==== Recorded information

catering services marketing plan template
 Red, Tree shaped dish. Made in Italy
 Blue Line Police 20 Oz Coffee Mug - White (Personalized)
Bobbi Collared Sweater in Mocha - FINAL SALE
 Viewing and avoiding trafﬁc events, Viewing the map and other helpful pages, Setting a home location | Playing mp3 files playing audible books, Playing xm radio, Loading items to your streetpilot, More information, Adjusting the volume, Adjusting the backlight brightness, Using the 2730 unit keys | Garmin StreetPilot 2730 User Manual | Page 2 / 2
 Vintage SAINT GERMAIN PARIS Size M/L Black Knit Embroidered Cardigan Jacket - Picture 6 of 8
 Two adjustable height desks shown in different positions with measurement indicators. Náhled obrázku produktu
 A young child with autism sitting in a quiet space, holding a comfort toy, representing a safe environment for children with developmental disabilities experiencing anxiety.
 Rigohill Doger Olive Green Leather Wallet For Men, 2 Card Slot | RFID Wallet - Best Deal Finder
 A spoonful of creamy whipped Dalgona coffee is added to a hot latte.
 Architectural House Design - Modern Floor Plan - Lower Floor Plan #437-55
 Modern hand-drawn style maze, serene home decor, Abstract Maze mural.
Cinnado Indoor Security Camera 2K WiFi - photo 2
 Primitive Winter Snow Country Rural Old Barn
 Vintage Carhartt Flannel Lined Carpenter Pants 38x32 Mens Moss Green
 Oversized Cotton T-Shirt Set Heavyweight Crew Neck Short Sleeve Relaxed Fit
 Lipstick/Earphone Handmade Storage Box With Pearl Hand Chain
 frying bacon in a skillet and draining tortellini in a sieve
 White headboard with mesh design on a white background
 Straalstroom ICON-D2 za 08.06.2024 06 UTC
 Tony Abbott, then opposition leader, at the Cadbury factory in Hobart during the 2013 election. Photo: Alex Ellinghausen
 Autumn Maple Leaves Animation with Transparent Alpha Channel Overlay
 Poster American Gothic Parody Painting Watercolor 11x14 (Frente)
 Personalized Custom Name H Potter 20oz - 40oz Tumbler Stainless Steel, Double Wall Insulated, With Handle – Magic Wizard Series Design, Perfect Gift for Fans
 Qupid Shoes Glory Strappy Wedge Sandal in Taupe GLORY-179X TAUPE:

========

## The problem
In the listing above, find every line with the word "White" and copy it out.

## Answer box
 Blue Line Police 20 Oz Coffee Mug - White (Personalized)
 White headboard with mesh design on a white background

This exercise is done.